Red Water Pond resident testifies at international hearing

The 32nd anniversary of the Church Rock uranium tailings spill was observed July 16 with an awareness march starting from the home of Teddy Nez to the site of the uranium tailings spill in Church Rock, N.M. July 2011
CHINLE
A resident of Red Water Pond Road, the Church Rock, N.M. neighborhood perhaps most affected by the legacy of uranium mining, was among 10 to 15 people testifying about the right to clean water Friday at a hearing of the Inter-American Commission on Human Rights in Washington, D.C.
With only five minutes allotted per speaker, Edith Hood managed to give the commissioners a brief history of uranium mining in Church Rock, and how the people there, many of whom worked in the mines, did not know the health effects of radiation until years later.

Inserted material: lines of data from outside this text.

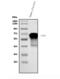 Steroid sulfatase antibody, A01198-2, Boster Biological Technology, Western Blot image 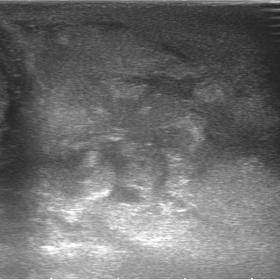 Extraescrotal and perineal haematoma. Heterogeneous area in the perineal region without colour Doppler flow.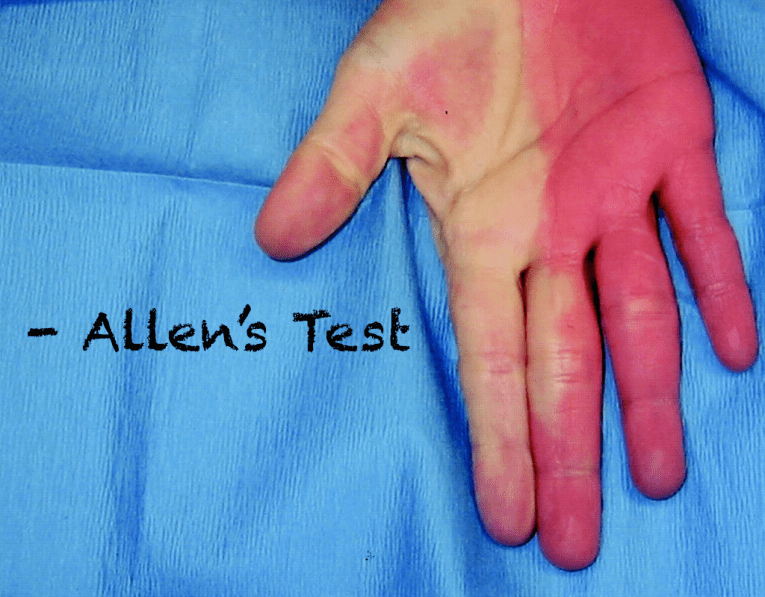 Screen Shot 20151102 at 4.16.13 PM REBEL EM Emergency Medicine Blog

“As children, we played in the tailings piles,” Hood told the commission, adding that their sheep drank from pools at the mines and some people built their homes out of rocks that came out of the mines.
Hood told the commission, “We face an impossible choice: to stay where we are, or to relocate and give up our drinking water.”

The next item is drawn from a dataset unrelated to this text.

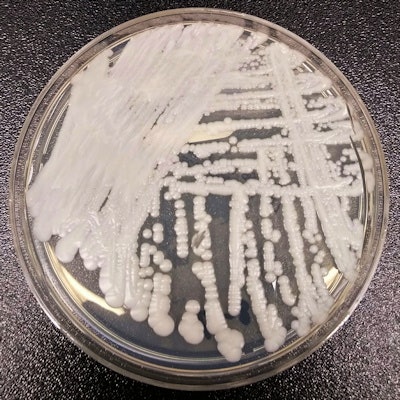 2019 04 12 22 03 3544 Fungus Candida Auris 400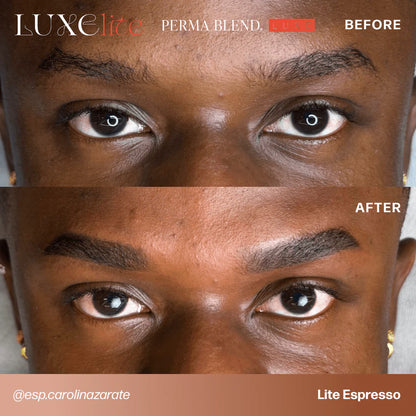 LUXE Lite Kit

Teracita Keyanna, another Red Water Pond resident who accompanied Hood to the hearing, later explained what Hood meant.
“The government is offering to build us houses in our customary use area about three miles away, upwind and upstream of the uranium,” she said. “But there’s no infrastructure there. Where we are we have water, communication, telephones – but we live in a contaminated area. Still, it’s hard to give that all up.”

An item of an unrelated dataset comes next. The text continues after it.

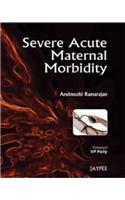 Severe Acute Maternal Morbidity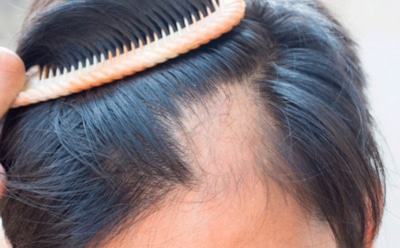 Учёные нашли способ остановить облысение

Keyanna said they’ve been told there’s no money for infrastructure, but the alternative is to put all 35 to 45 members of Red Water Pond community up in hotels for seven to nine years while they remediate their existing homes – plus pay them a meal stipend since some of the hotel rooms do not have kitchenettes.
“If they can afford to do that, it seems like it would be cheaper to build us some infrastructure,” she said.
Hood was just one of 10 to 15 people who testified at the hearing from all over the U.S. and Latin America.